While the minions and poobahs at the Texas Education Agency work to frustrate the teaching of evolution in science classes, real Texas scientists practicing real Texas science dig away at the Gault Site, an archaeological dig that recently has yielded 1.5 million artifacts from ancient Texans, Clovis Man, living 13,500 years ago.
So far nothing indicates any of these ancient people were Baptist or creationist. Surprisingly, perhaps, they didn’t play football, either.
Pamela LeBlanc, a digger at the site wrote the article in first person.
The pasture, named for the Gault family who once farmed the land, made its debut into professional archaeology in 1929 when J.E. Pearce, founder of the UT archaeology department, excavated here. Over the years, visitors could pay a fee to dig at the farm, hauling off what they found and leaving behind shallow craters.
Today, it’s considered the most prolific site of its kind. Gault has generated more than half of the excavated artifacts from the Clovis people, long considered the first human culture in America. Until recently, most archaeologists believed the Clovis came from Asia across the Bering Strait land bridge at the end of the last ice age about 13,500 years ago, walked down the ice-free corridor of Western Canada and slowly spread across the Americas.

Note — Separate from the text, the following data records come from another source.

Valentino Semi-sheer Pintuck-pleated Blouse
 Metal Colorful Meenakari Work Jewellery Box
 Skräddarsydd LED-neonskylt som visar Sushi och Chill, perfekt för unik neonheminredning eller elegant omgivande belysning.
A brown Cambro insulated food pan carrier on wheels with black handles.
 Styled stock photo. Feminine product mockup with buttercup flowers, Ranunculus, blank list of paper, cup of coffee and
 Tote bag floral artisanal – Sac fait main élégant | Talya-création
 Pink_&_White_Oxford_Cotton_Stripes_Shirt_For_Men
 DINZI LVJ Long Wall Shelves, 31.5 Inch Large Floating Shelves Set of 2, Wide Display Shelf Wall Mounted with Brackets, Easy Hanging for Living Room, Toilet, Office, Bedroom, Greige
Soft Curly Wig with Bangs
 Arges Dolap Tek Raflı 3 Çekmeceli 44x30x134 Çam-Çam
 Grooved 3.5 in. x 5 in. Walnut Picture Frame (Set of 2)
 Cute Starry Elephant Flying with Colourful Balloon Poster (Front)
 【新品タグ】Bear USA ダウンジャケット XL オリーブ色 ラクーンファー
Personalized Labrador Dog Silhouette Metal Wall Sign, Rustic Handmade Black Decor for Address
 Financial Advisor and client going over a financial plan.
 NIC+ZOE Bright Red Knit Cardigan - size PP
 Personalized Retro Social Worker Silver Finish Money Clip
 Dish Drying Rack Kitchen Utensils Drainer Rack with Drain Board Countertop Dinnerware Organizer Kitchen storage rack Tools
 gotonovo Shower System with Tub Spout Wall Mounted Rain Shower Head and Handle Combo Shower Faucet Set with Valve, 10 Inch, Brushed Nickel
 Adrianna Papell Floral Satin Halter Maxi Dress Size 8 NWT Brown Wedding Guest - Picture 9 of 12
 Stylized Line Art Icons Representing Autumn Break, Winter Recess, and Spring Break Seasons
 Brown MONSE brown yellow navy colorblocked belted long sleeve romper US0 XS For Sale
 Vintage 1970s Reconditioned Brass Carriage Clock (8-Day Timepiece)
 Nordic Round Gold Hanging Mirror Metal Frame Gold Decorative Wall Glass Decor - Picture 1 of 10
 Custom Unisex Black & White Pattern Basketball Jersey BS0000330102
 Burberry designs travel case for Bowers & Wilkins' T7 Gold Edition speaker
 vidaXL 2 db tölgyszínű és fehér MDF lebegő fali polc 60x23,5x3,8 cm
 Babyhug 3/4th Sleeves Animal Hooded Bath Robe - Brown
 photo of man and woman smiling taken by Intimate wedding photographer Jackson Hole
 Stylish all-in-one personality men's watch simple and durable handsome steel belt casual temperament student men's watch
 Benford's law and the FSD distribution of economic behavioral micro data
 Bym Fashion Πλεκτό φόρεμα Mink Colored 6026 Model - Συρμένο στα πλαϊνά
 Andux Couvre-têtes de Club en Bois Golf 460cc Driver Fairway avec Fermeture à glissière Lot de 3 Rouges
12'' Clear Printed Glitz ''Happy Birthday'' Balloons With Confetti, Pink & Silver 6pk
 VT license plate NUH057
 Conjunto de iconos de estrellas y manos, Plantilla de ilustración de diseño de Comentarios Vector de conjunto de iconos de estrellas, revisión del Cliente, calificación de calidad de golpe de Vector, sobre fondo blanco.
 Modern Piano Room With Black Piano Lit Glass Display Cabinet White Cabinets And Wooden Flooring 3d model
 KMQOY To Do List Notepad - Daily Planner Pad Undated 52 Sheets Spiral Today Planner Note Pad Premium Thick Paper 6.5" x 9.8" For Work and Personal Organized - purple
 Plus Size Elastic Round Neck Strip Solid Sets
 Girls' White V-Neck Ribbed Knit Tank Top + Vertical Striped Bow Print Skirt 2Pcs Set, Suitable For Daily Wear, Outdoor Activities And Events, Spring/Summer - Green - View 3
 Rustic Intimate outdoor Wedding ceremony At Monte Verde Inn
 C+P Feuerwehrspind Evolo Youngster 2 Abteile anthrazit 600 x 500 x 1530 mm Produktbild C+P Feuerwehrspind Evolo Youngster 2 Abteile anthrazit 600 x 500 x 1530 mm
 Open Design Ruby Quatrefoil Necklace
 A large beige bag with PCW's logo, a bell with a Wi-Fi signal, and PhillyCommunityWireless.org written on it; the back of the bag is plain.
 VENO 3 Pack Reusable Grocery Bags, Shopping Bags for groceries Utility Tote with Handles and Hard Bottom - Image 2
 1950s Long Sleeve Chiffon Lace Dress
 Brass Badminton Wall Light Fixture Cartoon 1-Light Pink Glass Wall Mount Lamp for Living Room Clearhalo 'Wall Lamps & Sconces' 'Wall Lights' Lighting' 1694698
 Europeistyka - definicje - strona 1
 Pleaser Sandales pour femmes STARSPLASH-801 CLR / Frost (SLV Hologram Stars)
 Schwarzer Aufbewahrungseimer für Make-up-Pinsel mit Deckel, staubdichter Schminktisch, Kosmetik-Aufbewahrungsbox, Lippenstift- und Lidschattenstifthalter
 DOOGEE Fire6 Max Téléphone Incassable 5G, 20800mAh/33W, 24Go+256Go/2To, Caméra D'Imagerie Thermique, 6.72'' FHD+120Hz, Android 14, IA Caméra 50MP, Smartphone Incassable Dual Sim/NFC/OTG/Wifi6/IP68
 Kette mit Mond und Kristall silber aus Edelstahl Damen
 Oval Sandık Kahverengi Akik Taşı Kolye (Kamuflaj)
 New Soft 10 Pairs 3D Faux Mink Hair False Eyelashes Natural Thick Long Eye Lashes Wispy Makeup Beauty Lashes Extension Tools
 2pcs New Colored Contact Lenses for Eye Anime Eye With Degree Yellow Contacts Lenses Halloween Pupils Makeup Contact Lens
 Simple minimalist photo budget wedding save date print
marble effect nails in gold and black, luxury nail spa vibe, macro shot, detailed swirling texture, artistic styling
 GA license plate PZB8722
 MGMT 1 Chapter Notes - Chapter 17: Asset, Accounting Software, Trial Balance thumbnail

Collins and others believe people arrived in the Americas much earlier, probably by boat along the North Atlantic and North Pacific shores. And they believe this site will help prove it. “What we’re trying to do here is expand on our knowledge of the peopling of the Americas,” Collins says.
Even better, you can volunteer to help out at the site, to dig for prehistoric information.
To volunteer at the Gault site, contact Cinda Timperley at ctimperley@austin.rr.com. Membership in the Gault School of Archaeological Research is not required to volunteer, but members have priority. Membership is $10 for students; $45 for adults; and $65 for families. The school also needs non-monetary donations of everything from equipment to electrical work. For more information, call 471-5982.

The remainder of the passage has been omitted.